Aim of the exercise: In the entries below, begin at the line with "Close-up of the" and stop after the line with "Pineapple Slices Topped With Mint Leaves"; output those lines exactly and omit the pictures.

[[ Provided entries open ]]

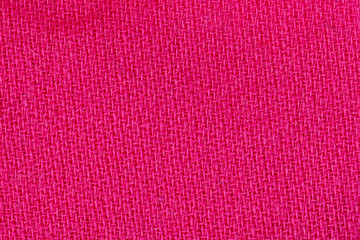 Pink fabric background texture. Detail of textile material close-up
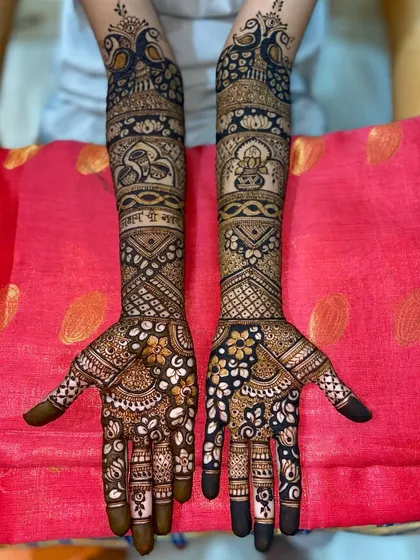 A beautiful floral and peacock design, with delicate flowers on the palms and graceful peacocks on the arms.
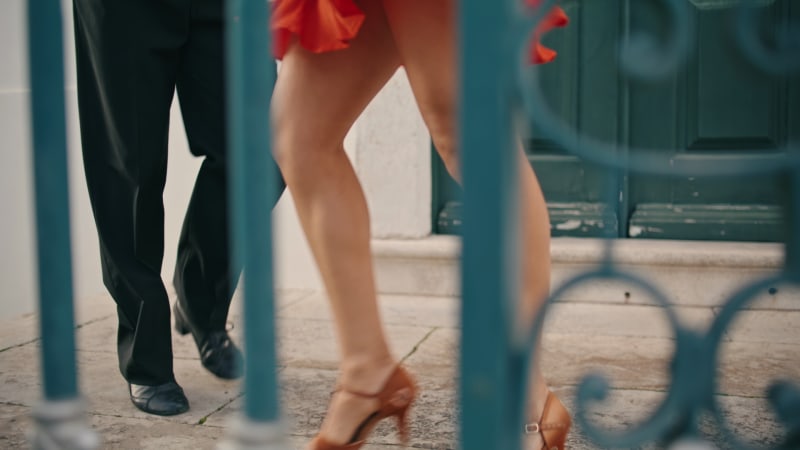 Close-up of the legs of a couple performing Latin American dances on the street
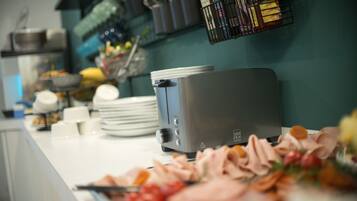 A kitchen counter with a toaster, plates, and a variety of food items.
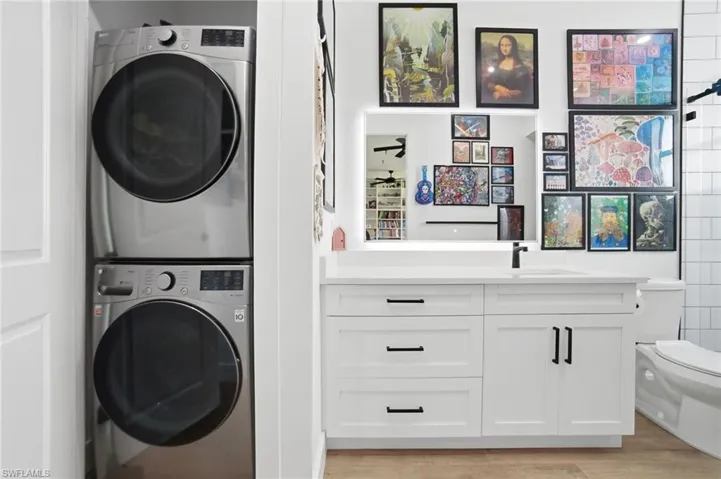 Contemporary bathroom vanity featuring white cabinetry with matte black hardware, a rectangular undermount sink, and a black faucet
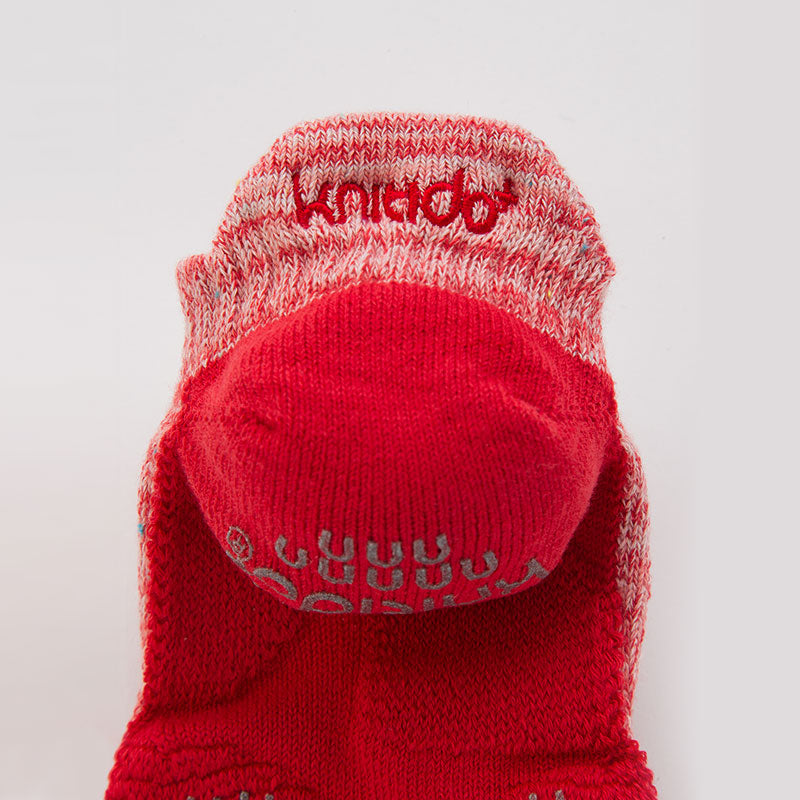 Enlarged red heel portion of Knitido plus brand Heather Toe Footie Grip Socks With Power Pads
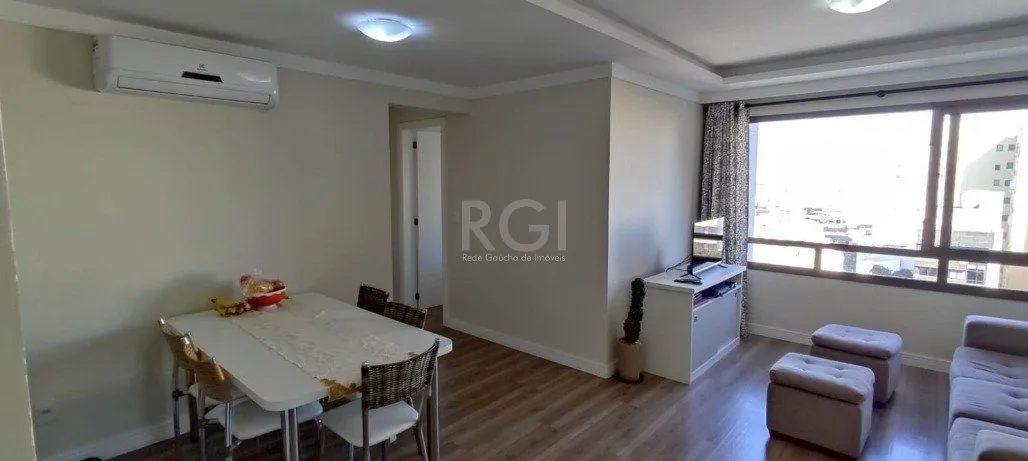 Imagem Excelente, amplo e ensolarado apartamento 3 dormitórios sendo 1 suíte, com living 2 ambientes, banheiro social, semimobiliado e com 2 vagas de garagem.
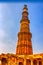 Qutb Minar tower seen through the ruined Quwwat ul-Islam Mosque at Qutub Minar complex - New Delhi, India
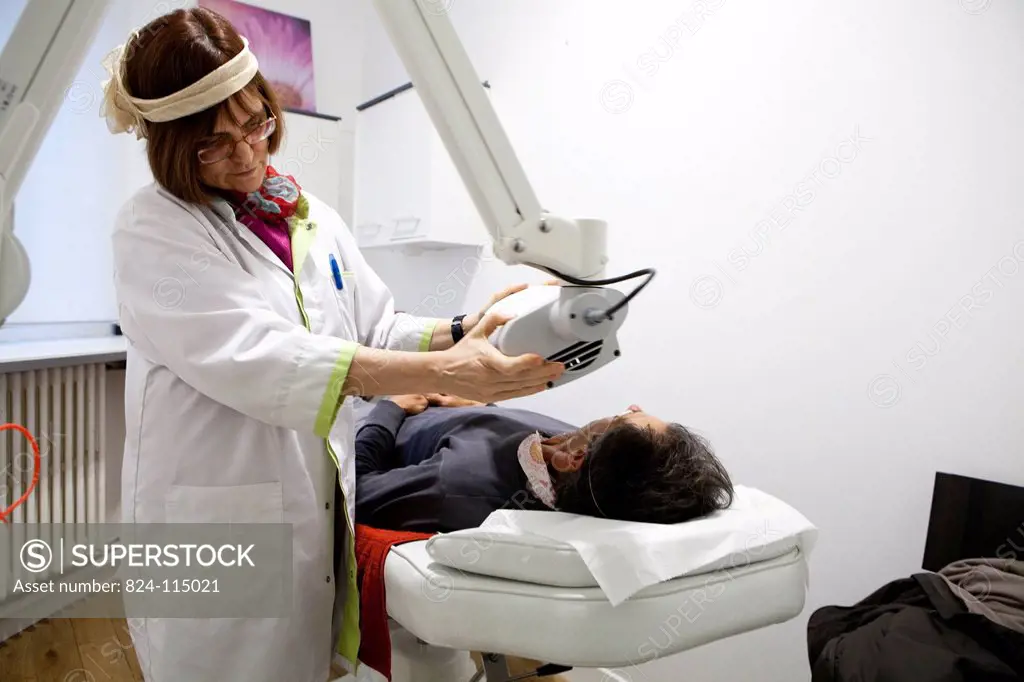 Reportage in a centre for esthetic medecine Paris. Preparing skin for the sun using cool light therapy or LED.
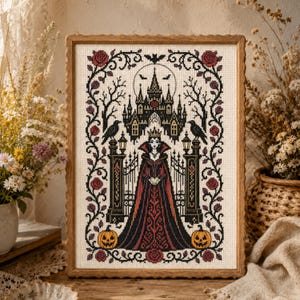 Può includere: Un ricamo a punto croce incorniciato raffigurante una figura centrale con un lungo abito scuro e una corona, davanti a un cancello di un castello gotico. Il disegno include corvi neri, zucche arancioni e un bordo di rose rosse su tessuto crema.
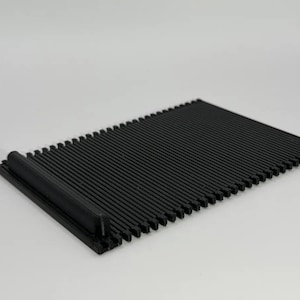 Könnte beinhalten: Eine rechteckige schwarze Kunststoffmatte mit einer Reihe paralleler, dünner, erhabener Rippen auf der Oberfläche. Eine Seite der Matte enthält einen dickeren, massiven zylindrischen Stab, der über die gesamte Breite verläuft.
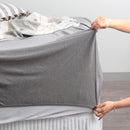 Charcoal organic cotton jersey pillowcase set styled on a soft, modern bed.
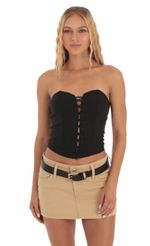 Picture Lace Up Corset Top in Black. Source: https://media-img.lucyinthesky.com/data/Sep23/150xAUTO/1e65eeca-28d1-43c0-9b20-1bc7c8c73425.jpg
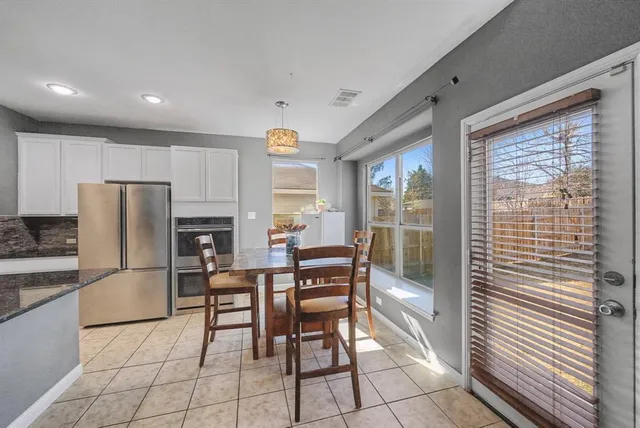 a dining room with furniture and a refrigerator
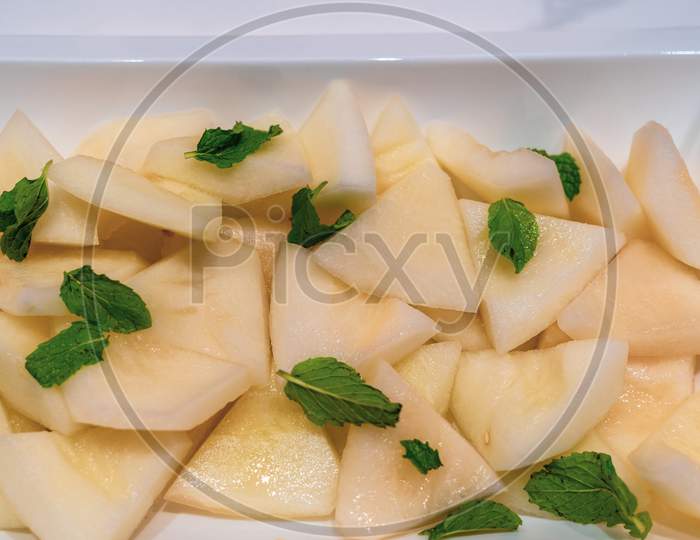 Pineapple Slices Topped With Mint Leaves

[[ Provided entries closed ]]
[[ Provided entries open ]]

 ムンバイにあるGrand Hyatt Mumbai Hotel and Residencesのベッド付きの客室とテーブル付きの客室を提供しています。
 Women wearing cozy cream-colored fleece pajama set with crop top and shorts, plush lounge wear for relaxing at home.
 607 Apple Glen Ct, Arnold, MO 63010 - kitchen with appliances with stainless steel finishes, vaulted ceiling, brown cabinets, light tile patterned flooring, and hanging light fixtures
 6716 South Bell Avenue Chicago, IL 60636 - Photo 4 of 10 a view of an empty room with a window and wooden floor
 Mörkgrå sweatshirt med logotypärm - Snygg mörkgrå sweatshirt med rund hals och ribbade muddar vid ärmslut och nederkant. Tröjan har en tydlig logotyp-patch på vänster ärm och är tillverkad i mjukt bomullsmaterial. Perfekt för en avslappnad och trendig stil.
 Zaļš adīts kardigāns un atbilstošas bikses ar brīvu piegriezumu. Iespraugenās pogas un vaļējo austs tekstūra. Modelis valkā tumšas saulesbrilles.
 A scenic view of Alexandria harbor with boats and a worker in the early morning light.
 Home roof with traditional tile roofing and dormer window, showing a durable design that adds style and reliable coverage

[[ Provided entries closed ]]

Answer for the task:
 Close-up of the legs of a couple performing Latin American dances on the street
 A kitchen counter with a toaster, plates, and a variety of food items.
 Contemporary bathroom vanity featuring white cabinetry with matte black hardware, a rectangular undermount sink, and a black faucet
 Enlarged red heel portion of Knitido plus brand Heather Toe Footie Grip Socks With Power Pads
 Imagem Excelente, amplo e ensolarado apartamento 3 dormitórios sendo 1 suíte, com living 2 ambientes, banheiro social, semimobiliado e com 2 vagas de garagem.
 Qutb Minar tower seen through the ruined Quwwat ul-Islam Mosque at Qutub Minar complex - New Delhi, India
 Reportage in a centre for esthetic medecine Paris. Preparing skin for the sun using cool light therapy or LED.
 Può includere: Un ricamo a punto croce incorniciato raffigurante una figura centrale con un lungo abito scuro e una corona, davanti a un cancello di un castello gotico. Il disegno include corvi neri, zucche arancioni e un bordo di rose rosse su tessuto crema.
 Könnte beinhalten: Eine rechteckige schwarze Kunststoffmatte mit einer Reihe paralleler, dünner, erhabener Rippen auf der Oberfläche. Eine Seite der Matte enthält einen dickeren, massiven zylindrischen Stab, der über die gesamte Breite verläuft.
 Charcoal organic cotton jersey pillowcase set styled on a soft, modern bed.
 Picture Lace Up Corset Top in Black. Source: https://media-img.lucyinthesky.com/data/Sep23/150xAUTO/1e65eeca-28d1-43c0-9b20-1bc7c8c73425.jpg
 a dining room with furniture and a refrigerator
 Pineapple Slices Topped With Mint Leaves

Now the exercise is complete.